Cluster style systems should be fairly easy to come by at that level.
They are, indeed, and they are widely used.
Apps written for clusters should port to another cluster system easier
than apps written for a shared memory system to a cluster.
You are apparently arguing for the desirability of folding the
artificial computational boundaries of clusters into software. If
That happens with SSI systems too. There is a load of information that
has been published about scaling on SGI's Origin machines over the
years. IIRC Altix is based on the same Origin 3000 design. You may
remember that I quizzed Rob Warnock on this, he said that there were
in practice little gotchas that tend to crop up at particular #'s of
procs. He even noted that the gotcha processor counts tended to change
with the particular generation of Origin.
that's a necessity of life, I can learn to live with it, but I'm having
a hard time seeing it as desirable. We are so fortunate as to live in a
universe that presents itself to us in midtower-sized chunks? I'm
worried. ;-).
In my mind it's a question of fitting our computing effort to reality
as opposed to living in an Ivory Tower. Some goals, while worthy,
desirable, or even partially achievable, are basically impossible to
achieve in reality. A genuinely *flat* address space is impossible
right here and now. That SSI Altix box will *not* have *flat* address
space in terms of time. It is a NUMA machine.
Can you give an example of something that you think would happen?
Depends on the app. Stuff like memory mapping one large file for read
and occasional write could cause some fantastic locking + latency
issues when it comes to porting.
[SNIP]
Even more depressing, if your goal is to crank out papers and Ph.D.
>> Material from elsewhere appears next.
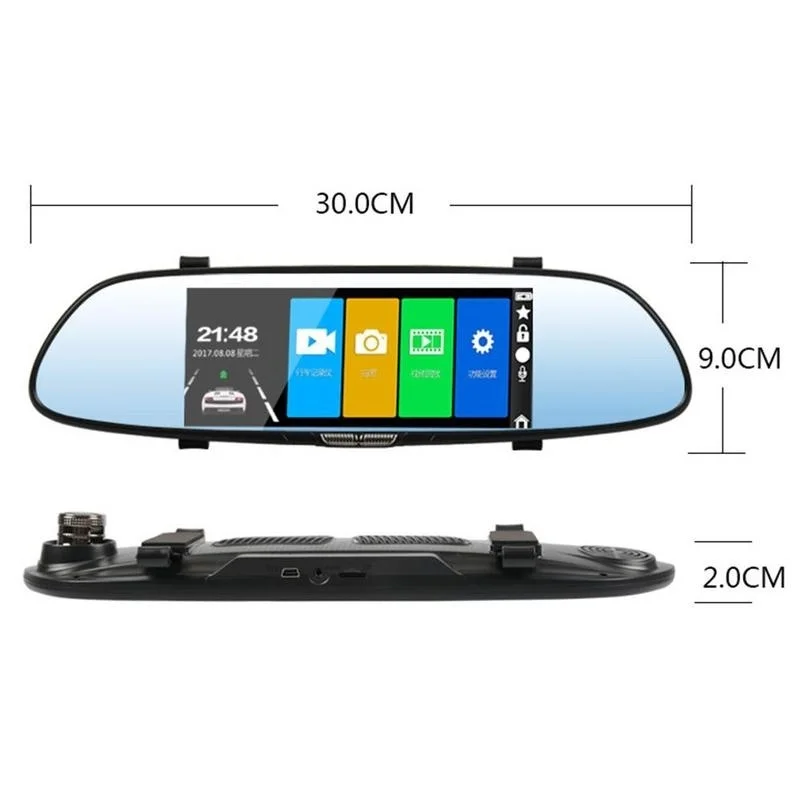 HD 1080P вождения рекордер двойной объектив 7 дюймов широкий угол обзора зеркало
theses, you may do pretty well with beige boxes and cheap labor and have
very little impact on applied science and technology, because people
trying to solve real world problems can't wait for a grad student and a
post doc to spend a semester getting the cluster shaken down, and even
if they could it wouldn't make any economic sense because the labor
costs are too high.
Shaking down large + fast machines has traditionally been a costly
and risky business. Look at all those machines that spent hours
with grads all over them and didn't really make an impact, thinking
of stuff like the bigger ETAs, TM-5s didn't seem to do much either.
Shaking down Crays took some time too, although to be fair they do
have a good rep for reliability once setup. However Crays are toys
by comparison to contemporary big systems (component count etc)...
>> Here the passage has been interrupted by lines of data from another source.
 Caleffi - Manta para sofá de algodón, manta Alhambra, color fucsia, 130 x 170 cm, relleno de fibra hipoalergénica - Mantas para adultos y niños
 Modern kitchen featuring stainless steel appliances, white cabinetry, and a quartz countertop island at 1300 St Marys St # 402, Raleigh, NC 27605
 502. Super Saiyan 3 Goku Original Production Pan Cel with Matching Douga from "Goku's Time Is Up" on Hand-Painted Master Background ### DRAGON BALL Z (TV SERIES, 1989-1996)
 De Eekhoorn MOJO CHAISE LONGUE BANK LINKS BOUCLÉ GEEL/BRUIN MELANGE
In terms of sorting out clusters and stuff there is obviously a
niche there, from what I read it appears to be getting filled too.
I really do think, now that PCI Express is here, that the day of
infiniband, at least for this particular space, is finally at hand.
Yeah, interconnect is catching up at bloody last. You will always
have latency problems while we're communcating < c m/s though,
regardless of whether you present your network to the application
as a single address space or not.
I was actually imagining that there is really nothing to keep the
prerequisites for a single image box from becoming more of a commodity.
I mentioned Opteron, if HT really does suffer from crash+burn on
comms failure then it is holding itself back. If that ain't the
case I'd have figured that a tiny form factor Opteron + DRAM +
router cards would be a reasonable component for high-density
clusters and beige SSI machines. You'd need some facility for
driving some links for longer distances than HT currently allows
too ($$$). The next thing holding you back is tuning the OS + Apps
to a myriad of possible configurations...
[SNIP]
The optimistic view is that the chaos we currently see is the HPC
equivalent of the pre-Cambrian explosion and that natural selection will
eventually give us a mature and widely-adopted architecture. My purpose
in starting this discussion was simply to opine that single image
architectures have some features that make them seem promising as a
survivor--not a widely-held view, I think.
I'm sure they'll have their place. But in the long run I think that
PetaFLOP pressure will tend to push people towards message passing
style machines. Consdier this though : Internet is becoming more and
more prominent on daily life. The Spooks must have a fair old time
keeping up with the sheer volume of data flowing around the globe.
Distributed processing is a natural fit here, SSI machines just would
not make sense. More and more governments and their civil servants
will want to make use of this surveillance resource too, check out
the rate at which legislation is legitimising their intrusion on the
individual's privacy. The War on Terror has added more fuel to that
growth market too.
Geez, Rupert, they couldn't possibly be as bad as IBM used to be.
.
Probably not because they are a niche player beholden to a few very
powerful customers.
I can live with clusters. It may be that living with clusters is an
inevitable necessity. I'm not yet ready to give up on a single address
space, though.
Fair enough. Just don't hold your breath waiting for a kilonode SSI
machine to fall into your lap.
Cheers,
Rupert